We’re a home services company in Canada, and I’m honestly stuck on what to do with Yelp.

We do good work. Obviously not every job is perfect, but our reputation on Google, HomeStars, and BBB is solid and way more representative of the actual customer experience.

Then there’s Yelp… and it looks terrible.

The frustrating part is that when happy customers do leave reviews, a lot of them get filtered. First-time reviewers are basically invisible. Even detailed, legitimate reviews sometimes don’t show up.

So now we’re in this weird position where we can’t confidently ask customers to review us on Yelp, because there’s a decent chance their review just disappears. It feels like sending happy customers into a black hole.

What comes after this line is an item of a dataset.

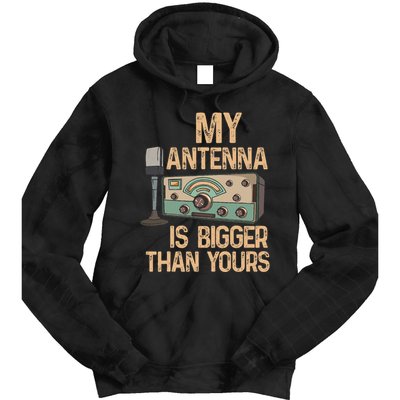 Pride Ham Radio Operator  My Antenna Isn Bigger Than Yours  Tie Dye Hoodie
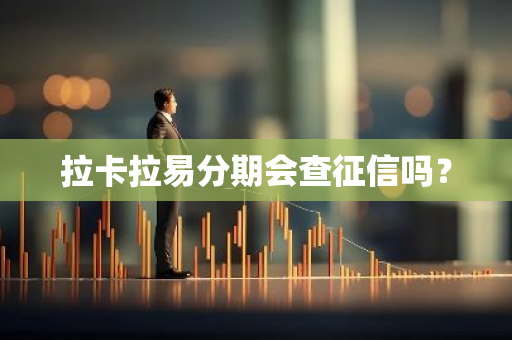 拉卡拉易分期会查征信吗？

I’ve read the usual explanations about Yelp’s algorithm, trust signals, review quality, user activity, etc. But from the outside, it feels like reviews only stick if the person is already an active Yelp user.

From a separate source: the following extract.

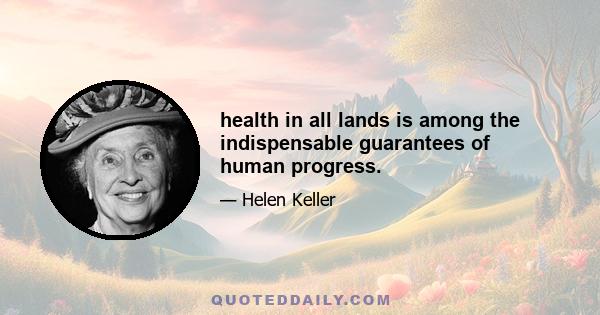 health in all lands is among the indispensable guarantees of human progress.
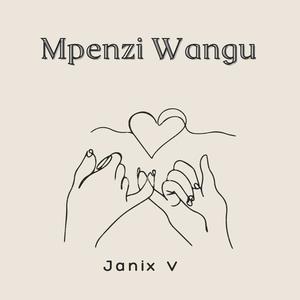 Janix V - Mpenzi Wangu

And yeah, I know Yelp officially says ads don’t affect review visibility. Still, the whole thing feels suspiciously pay-to-play sometimes. Maybe that’s unfair, but that’s the vibe.

For context, we’re in a high-ticket home services category where one job can be around $10K, so reviews actually matter a lot for conversion.

So I’m curious:

Has anyone in home services actually figured out Yelp?

Is there any ethical way to improve review visibility there?

Have Yelp Ads ever produced real ROI for you, or did it feel like a money pit?

At what point do you just stop caring about Yelp and focus on Google/HomeStars/BBB instead?

I don’t want to ignore Yelp if it still has strategic value, but right now it feels like a lot of effort for very little control.

Would love to hear what others have seen, especially in Canada.